**PROBLEM REQUIREMENTS**
Every entry in the data below needs to be repeated exactly.
::: EXTRACTED DATA
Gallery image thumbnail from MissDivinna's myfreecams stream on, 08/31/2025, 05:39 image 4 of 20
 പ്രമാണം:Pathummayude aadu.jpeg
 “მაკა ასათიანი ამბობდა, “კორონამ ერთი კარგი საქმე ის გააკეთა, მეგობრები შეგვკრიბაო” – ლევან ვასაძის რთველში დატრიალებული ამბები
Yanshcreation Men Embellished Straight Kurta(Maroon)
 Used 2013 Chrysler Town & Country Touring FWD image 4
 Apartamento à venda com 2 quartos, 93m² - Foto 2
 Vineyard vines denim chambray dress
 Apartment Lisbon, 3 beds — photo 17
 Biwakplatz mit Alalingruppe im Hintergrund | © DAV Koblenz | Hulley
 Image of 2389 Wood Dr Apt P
::::::
**RESULT**
Gallery image thumbnail from MissDivinna's myfreecams stream on, 08/31/2025, 05:39 image 4 of 20
 പ്രമാണം:Pathummayude aadu.jpeg
 “მაკა ასათიანი ამბობდა, “კორონამ ერთი კარგი საქმე ის გააკეთა, მეგობრები შეგვკრიბაო” – ლევან ვასაძის რთველში დატრიალებული ამბები
Yanshcreation Men Embellished Straight Kurta(Maroon)
 Used 2013 Chrysler Town & Country Touring FWD image 4
 Apartamento à venda com 2 quartos, 93m² - Foto 2
 Vineyard vines denim chambray dress
 Apartment Lisbon, 3 beds — photo 17
 Biwakplatz mit Alalingruppe im Hintergrund | © DAV Koblenz | Hulley
 Image of 2389 Wood Dr Apt P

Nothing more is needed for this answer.